【前回の記事を読む】「私が『生きた証し』は、なんとかクラブのホームページの活動記録です」…この程度で良い。些細なものでも自分が満足できたら上等!

2 残すなら言葉、これが一番カッコイイ

(1)言葉には力が宿る

カッコイイ言葉といえば、まず映画のセリフ。名セリフの代表といえば、往年の映画ファンなら誰もがご存じの「カサブランカ」の名優ハンフリー・ボガート。これは、誰が何と言ったって、そうなのである。

「昨日、何していたの?」「そんな昔のことは覚えていないね。」「今夜、会える?」「そんな先のことは分からない。」と、言い寄る女に素気ない態度のハンフリー・ボガート扮するリックも、

かつての恋人イルザ(これには、清楚かつ妖艶なイングリッド・バーグマンが扮している)には「君の瞳に乾杯!」と、日本人ではとても言えない気障なセリフでキメる。

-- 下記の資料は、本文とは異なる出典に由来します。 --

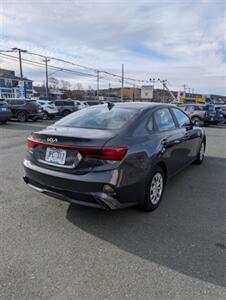 2023 Kia Forte LX   - Photo 5 - St John's, NL A1B 1C2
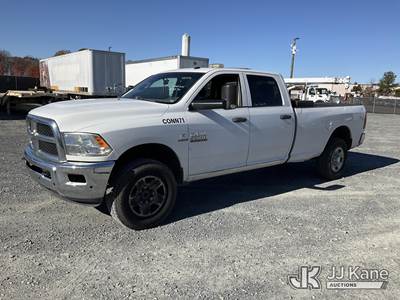 2015 RAM 3500 4x4 Crew-Cab Pickup Truck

このように目の前の相手との会話やスピーチ、講演から、お坊さんや牧師の説話まで、相手が見え、多数の人に向けて言葉を発する場はたくさんある。

こういったときは、こちらが伝えたい言葉に、声の強弱、話す速さで、感情を乗せることができる。さらに、顔の表情、身ぶり手ぶりで、伝えたい内容を表現することもできる。

相手が見えていれば、言葉の微妙なニュアンスも正確に伝わるし、相手の反応も瞬時に把握した上でちょっとした格好もつけられる。

しかし最近、言葉のキャッチボールをその場に合わせた口調で自由に楽しむ人が少なくなったような気がする。

端的にいえば、話すのが皆下手になった、さらに聞くのはもっと下手になった。これは、言語能力の問題だけではない。言葉を交わす相手への好奇心と思いやる心の双方が希薄になっているからではなかろうか。